Topline Revenue decline
Two segments:
Corporate
~60k clients, up from 55k a year ago.
Net-dollar retention ~101% (vs 97.9% a year ago).
ARPA = $306.54/month.
Q1-25 revenue $54.3m, +5.6% YoY (record).
Margins: company adj. EBITDA ~54%; Corporate is the driver.
Story: sticky enterprise bridge (cloud fax + Unite APIs + Clarity doc-AI), baked-in audits/compliance, dual-rail (API when possible, secure fax when not).
SoHo
Strategic pullback: Management cut digital ads; letting the low-ARPU tail run off.
ARPA = $14.83/month.
Monthly churn 3.26% (lowest in 14 quarters; improving).
Q1-25 revenue $32.8m, –10.6% YoY; accounts 730k (vs 808k LY).
Lower margin vs Corporate; shrinking by design while cash is redeployed to delever and enterprise growth.
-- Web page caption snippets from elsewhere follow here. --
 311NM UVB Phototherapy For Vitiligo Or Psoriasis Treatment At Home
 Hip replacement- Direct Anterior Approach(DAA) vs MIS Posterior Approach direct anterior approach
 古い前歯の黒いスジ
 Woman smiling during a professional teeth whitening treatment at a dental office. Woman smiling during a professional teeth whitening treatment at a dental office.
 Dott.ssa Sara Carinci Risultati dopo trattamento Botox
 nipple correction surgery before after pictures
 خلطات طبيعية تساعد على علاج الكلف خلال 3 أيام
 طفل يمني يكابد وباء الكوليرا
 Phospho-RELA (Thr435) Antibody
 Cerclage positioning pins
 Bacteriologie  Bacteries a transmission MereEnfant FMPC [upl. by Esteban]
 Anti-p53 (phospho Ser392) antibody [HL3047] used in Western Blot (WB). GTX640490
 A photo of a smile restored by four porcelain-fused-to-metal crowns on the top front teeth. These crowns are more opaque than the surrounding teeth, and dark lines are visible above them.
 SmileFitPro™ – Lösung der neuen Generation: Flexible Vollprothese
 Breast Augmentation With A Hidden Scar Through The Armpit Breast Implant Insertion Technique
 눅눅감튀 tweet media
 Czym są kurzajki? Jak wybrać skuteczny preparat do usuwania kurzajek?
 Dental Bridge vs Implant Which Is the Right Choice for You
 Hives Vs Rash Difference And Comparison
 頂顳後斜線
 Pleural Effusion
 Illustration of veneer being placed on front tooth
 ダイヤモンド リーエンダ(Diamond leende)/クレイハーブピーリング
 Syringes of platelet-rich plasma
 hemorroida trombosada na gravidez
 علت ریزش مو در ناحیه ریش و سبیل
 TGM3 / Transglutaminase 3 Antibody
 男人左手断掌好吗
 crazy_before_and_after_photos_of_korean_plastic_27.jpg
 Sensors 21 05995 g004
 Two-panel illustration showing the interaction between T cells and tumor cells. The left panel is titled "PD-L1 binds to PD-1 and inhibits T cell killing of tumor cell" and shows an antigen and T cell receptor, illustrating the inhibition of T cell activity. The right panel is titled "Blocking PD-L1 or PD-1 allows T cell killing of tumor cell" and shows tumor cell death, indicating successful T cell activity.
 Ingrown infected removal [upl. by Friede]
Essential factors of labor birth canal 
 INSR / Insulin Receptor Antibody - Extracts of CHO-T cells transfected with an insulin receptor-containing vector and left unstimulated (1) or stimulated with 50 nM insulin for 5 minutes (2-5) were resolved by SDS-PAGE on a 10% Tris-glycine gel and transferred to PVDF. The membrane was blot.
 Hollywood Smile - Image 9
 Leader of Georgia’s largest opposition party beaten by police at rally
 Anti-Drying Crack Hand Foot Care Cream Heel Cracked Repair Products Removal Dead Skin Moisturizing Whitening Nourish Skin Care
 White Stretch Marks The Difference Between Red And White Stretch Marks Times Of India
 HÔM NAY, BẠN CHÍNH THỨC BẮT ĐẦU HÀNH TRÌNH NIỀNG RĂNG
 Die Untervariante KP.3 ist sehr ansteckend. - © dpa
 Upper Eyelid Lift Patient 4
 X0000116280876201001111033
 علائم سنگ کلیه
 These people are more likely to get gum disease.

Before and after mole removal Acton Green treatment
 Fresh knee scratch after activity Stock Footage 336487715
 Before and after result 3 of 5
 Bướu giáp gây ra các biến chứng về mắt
Corporate is the sticky bridge business. Cloud fax + API + document AI for institutions that must connect to thousands of messy outsiders. It’s growing mid-single digits with 100%+ retention and has 54% EBITDA margins.
SoHo is the deliberately pruned retail tail: low ARPU, higher churn, and shrinking by design after ad cuts. As more partners move to APIs, CCSI keeps the customer and earns more per transaction—because Unite/Clarity carry fatter margins than fax minutes.
Valuation
Path to value realization
Debt paydown will increase net income via interest saved. Every $100m retired saves =$6–6.5m annual. That is a LOT.
Buybacks. Buybacks after debt paydown will re-rate company to 10 EV/EBITDA or higher.
Corporate keeps growing.
The big risks
Epic/FHIR : Hospitals route via Epic/native hubs and cancel CCSI.
API ramp stalls: Unite/Clarity adoption too slow, “fax dinosaur” multiple persists.
Policy shock (fax bans): Sudden drop in faxable workflows.
Monitor
The big two- how we tell if this thing is working or not:
We watch corporate seat retention, if it drops below 98% we may have a problem, and I may have misunderstood how sticky their product is.
Interop (Unite/Clarity) revenue: if their new products grow, they will cement stickiness and longevity.
These are the fundamental risks I see for the company. If either plays out it means that clients are probably moving off CCSI and onto Epic Systems.





Sharp breakdown. Most posts only compare surface-level metrics ... this went deeper into NDR, ARPA, EBITDA margins, and even market motion. Really helps anyone evaluating healthcare SaaS. Appreciate the research-driven lens.
Why does this company even need to pay down debt? Their interest is covered 4x by EBIT. Retiring debt at 6.5% is hardly value accretive when you could be buying the stock at a 20% earnings yield. Thoughts?